The investigation resulted from an Oct. 24, 2018 complaint made by Winlock resident Mark Obtinario, who alleged that Twin Transit improperly used district funds to pay consulting firm Nelson Nygaard to create a website, brochures and mailers as campaign material for proposed expansion of the Lewis Public Transit Benefit Area taxing district — contrary to law.

Jackson and Wojcik-Damers maintained the materials Twin Transit, a public agency, paid for were informational only and not meant to sway anyone’s opinion of the proposal, which voters rejected.

In January 2018, the PDC announced it would initiate a formal investigation into the allegation. 

According to a letter sent by the PDC to Obtinario on Oct. 4, PDC staff reviewed his complaint and interviewed Jackson, Wojcik-Damers, Doug Hayden of Lewis Mountain Highway Transit and Nelson Nygaard staff. 

The investigation found that Twin Transit first contracted with Nelson Nygaard in 2017 for a feasibility study into expanding Twin Transit’s boundaries. Starting in March 2018, the agency created a website on the topic for Twin Transit to publicize the results of that study. 

That April, officials in Lewis County agreed to put the expansion measure on the Nov. 2018 ballot, and the website created by Nelson Nygaard “naturally evolved into an informational website about the ballot proposition,” according to the letter. 



“Staff found that it is the regular practice of Twin Transit to place information about its operations and major policy decisions on its website,” the letter reads. “However, in this case, Twin Transit, on the advice of Nelson Nygaard, decided to place the information about the 2018 ballot measure on a separate website that was already in existence for a related purpose, and that would be easy to find. Nelson Nygaard and Twin Transit officials acknowledge that they should have identified the website as being a Twin Transit website, and apologized for this oversight.”

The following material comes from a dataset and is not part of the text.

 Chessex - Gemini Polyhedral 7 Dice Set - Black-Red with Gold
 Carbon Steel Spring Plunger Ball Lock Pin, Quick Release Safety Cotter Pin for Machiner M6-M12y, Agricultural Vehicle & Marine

Also at issue was the fact that the promotional material created by Nelson Nygaard for Twin Transit reported that if the ballot measure failed, Lewis Mountain Highway Transit would cease to exist due to an inability to pay state grant match requirements, despite the fact that this was not accurate. 

Hayden told the PDC in an interview that Jackson and Wojcik-Damers knew about the change. “In April 2018, at a transportation conference convened by the Lewis County Board of Commissioners, the future of LMHT was discussed,” according to a summary of Hayden’s interview with investigators. “Mr. Hayden said Bobby Jackson spoke first and said LMHT transit was going to be shut down because they could no longer meet the matching funds requirement. Mr. Hayden said Mr. Jackson’s narrative was not accurate. Mr. Hayden said he asked Bobby Jackson at the April 2018 conference how he was going to address the issue of LMHT’s required matching funds being capped at 10 percent, and was told, ‘they would take care of it and handle it.’”

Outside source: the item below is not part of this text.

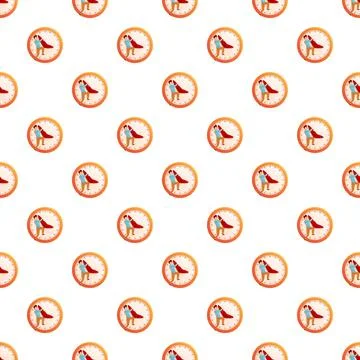 Man pushing time hand deadline pressure pattern Illustrazione stock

Tim Payne, of Nelson Nygaard, said he had not been informed by Twin Transit  about the changes in state grant requirements that would allow Lewis Mountain Highway Transit to continue without being absorbed into Twin Transit’s boundaries until after the November election, and would have changed the information on the website and mailers if he had known.

Hayden told the PDC he told Payne of the change in Aug. 2018.

Wojcik-Damers also told the PDC he knew about the changes to LMHT’s grant requirements in early 2018, but said he didn’t know that meant the agency was no longer in danger of folding.  

The PDC also investigated the fact that the mailer was only sent to registered voters. The PDC recommended that Twin Transit in the future follow PDC guidelines on not targeting informational mailers only to registered voters.